:: About this task ::
In the records below, find the line that contains "LOVE PATCH THROW". Retype that line and all the lines after it through the end, leaving out the pictures.

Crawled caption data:
========================

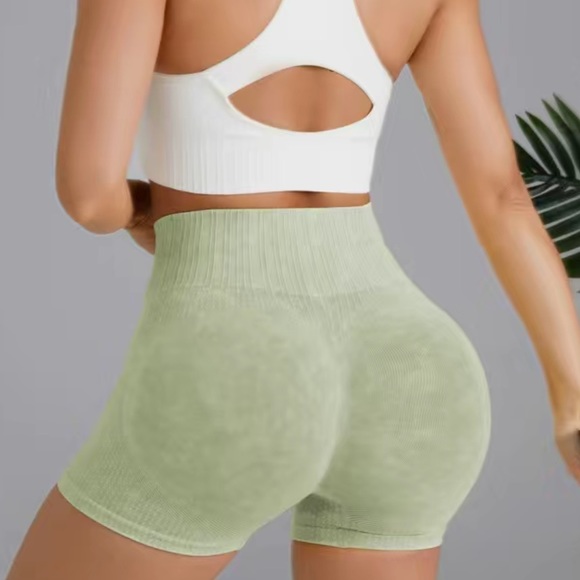 Boost Workout Short - Picture 2 of 3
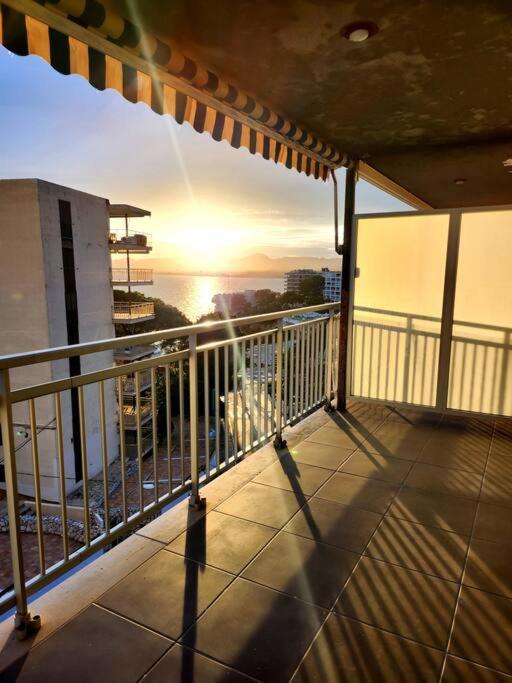 Large In Front Of The Beach! Withparking Salou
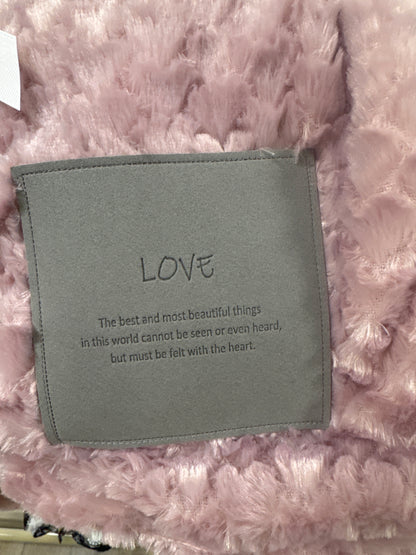 LOVE PATCH THROW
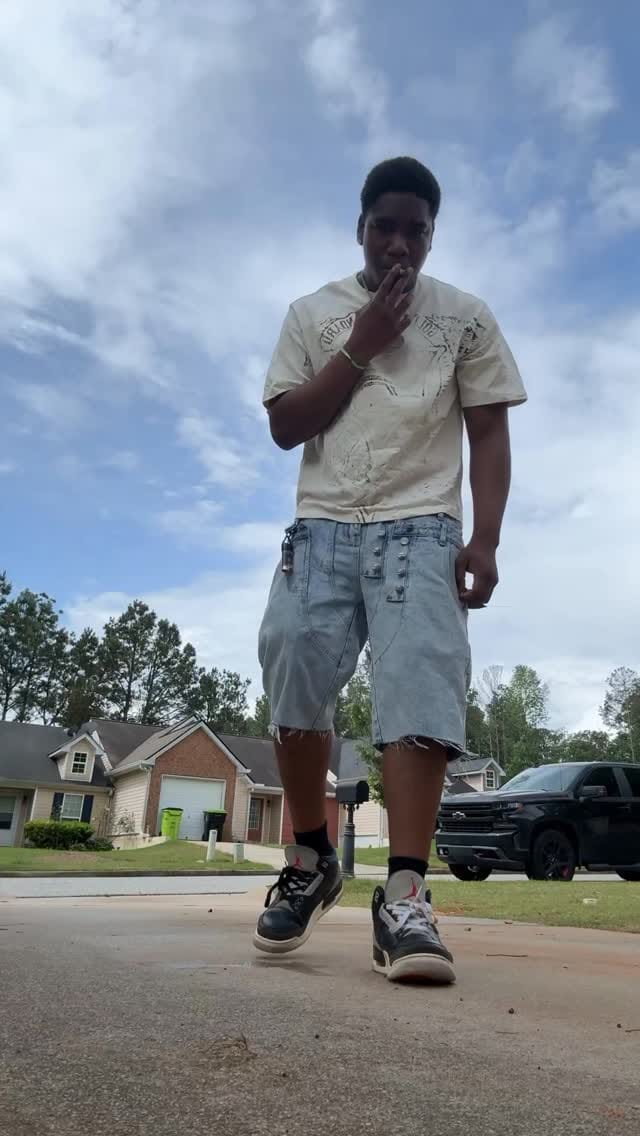 Post 2 by FUKK IT UP ZEKE!!!!!! on Instagram (video)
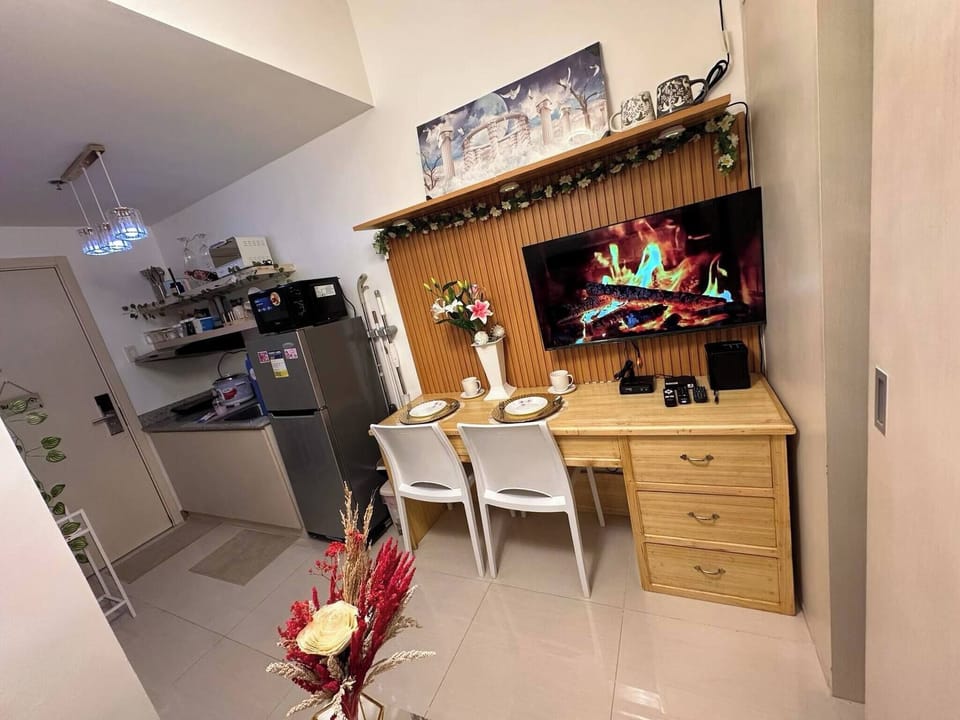 Condo, 1 Bedroom | Dining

========================

:: Answer to this problem ::
 LOVE PATCH THROW
 Post 2 by FUKK IT UP ZEKE!!!!!! on Instagram (video)
 Condo, 1 Bedroom | Dining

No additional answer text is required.